それにお嬢さんは「あたくしね、この長さからちょとすぎると横にひろがってしまうんですの」と悲しそうに言った。それに妹はなるほどと頷いた。
「さ、お切りになって。それで手紙にでも入れればいいわ」
「本当にいいんだな?」
「数センチですわよ」
「そんなの脅しにならないだろ……。首のあたりをばっつり少しだけもらいたいんだけど」
「いいですわよ」
「え?! 本当にいいの?」
「いいのよ。どうせ本当に誘拐されたんだったら、心配してほしいもの。あたくしのこと考えてほしいもの……」
「スージー……」
「だからいいのよ」
僕と妹は目を合わせて、互いに頷いた。
「やるぞ」と声をかければ、どうぞと返ってきた。ハサミが首筋の少し束になっている部分に入った。僕はそれを手紙の中に入れ込んだ。
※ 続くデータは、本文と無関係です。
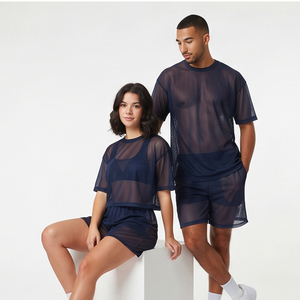 <b>Transparent</b> Mesh Summer <b>Shorts</b> Set <b>Men</b> Women Crew Neck T-Shirt And <b>Shorts</b> Lightweight Drop Shoulder Mesh Tee Tops - Product Image 5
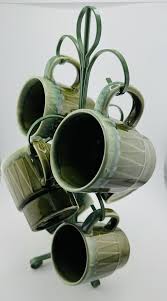 Vintage Green Drip Glaze Ceramic Japan Stackable Mugs Cups Set of 6 With Stand | eBay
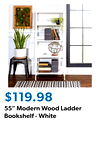 55" Modern Wood Ladder Bookshelf - White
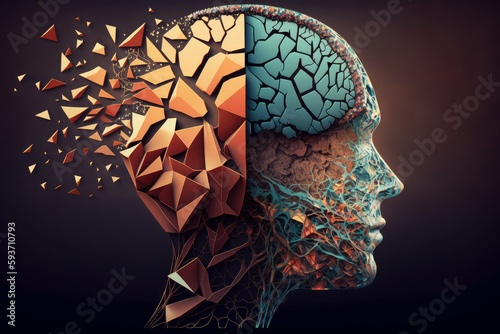 Memory loss due to dementia, alzheimer. Illustration of a human head with a brain losing parts. World mental health day. World Parkinson day concept. Generative ai.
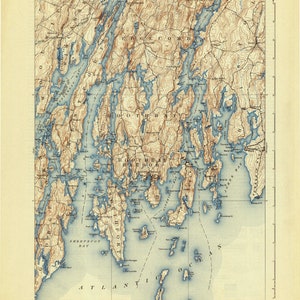 May include: A vintage map of Boothbay, Maine, showing the coastline and surrounding islands. The map is printed in brown and blue ink on a cream-colored background. The map includes contour lines, water features, and place names.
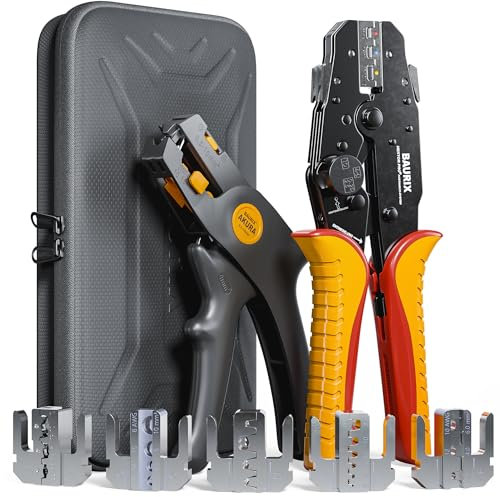 BAURIX® Set di Pinza Crimpatrice con 6 Ganasce Intercambiabili e Spellacavi Elettrici, Crimpatrice Capicorda, Crimpatrice Puntalini, Pinza Faston, Set Pinze Professionali o per il Fai-da-te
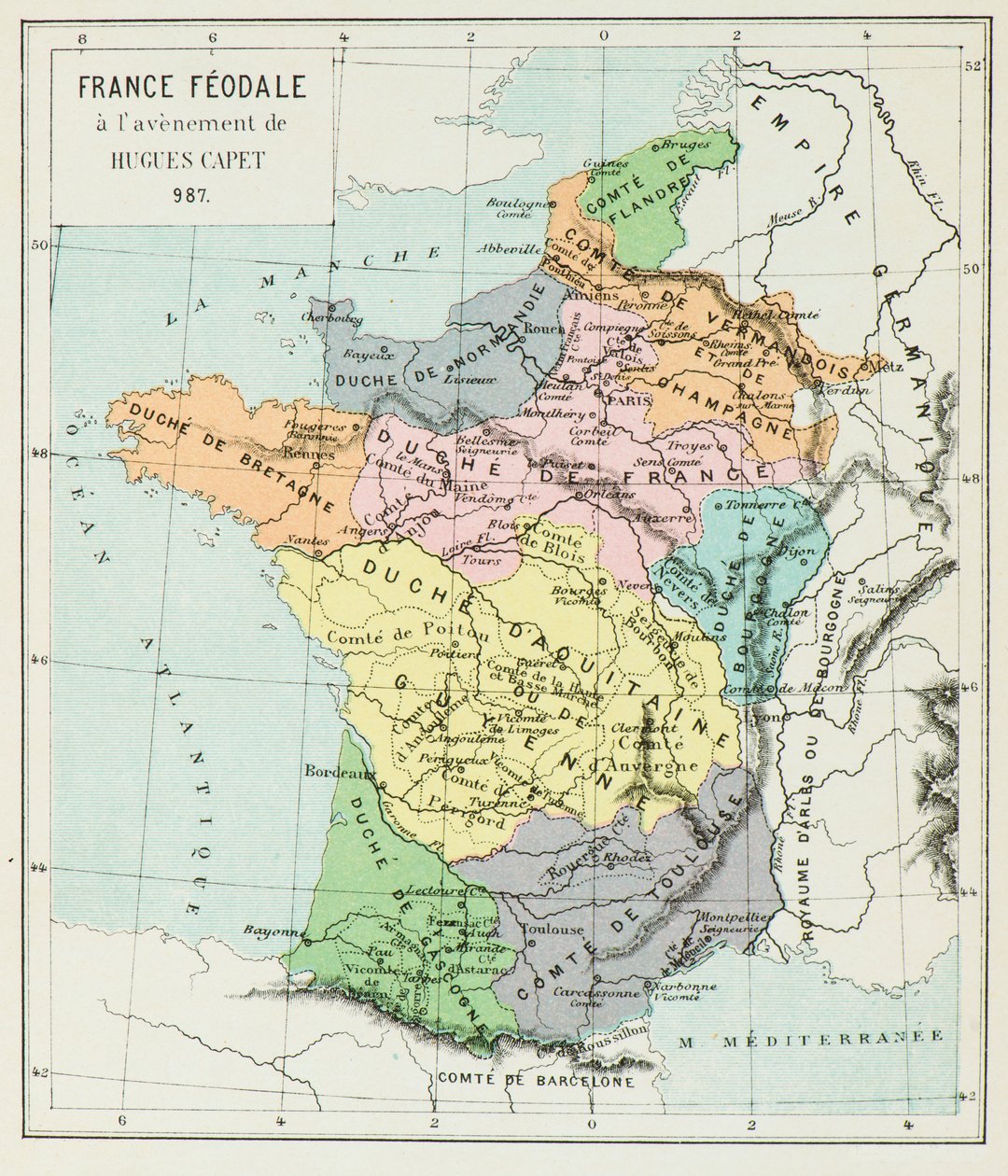 Franciaország térképe 987-ben (metszet) alkotó: Alphonse Marie de Neuville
お嬢さんは真面目そうな顔をした僕を見つめて「たしかに、このあたくしの髪の毛がもったいないのはわかるけれど、そんな物欲しそうな顔してはいけないと思うわ。それこそ変態くさいですわよ」と言った。
「物欲しそうな顔なんざしてねえよ!!」
「あら、それじゃあ、あたくしの髪の毛の美しさに惚れ惚れしてましたのね? わかりますわ」
「話聞けよ!!!」
ほんと、さっさとこのお嬢さんを家からおっぽり出したい。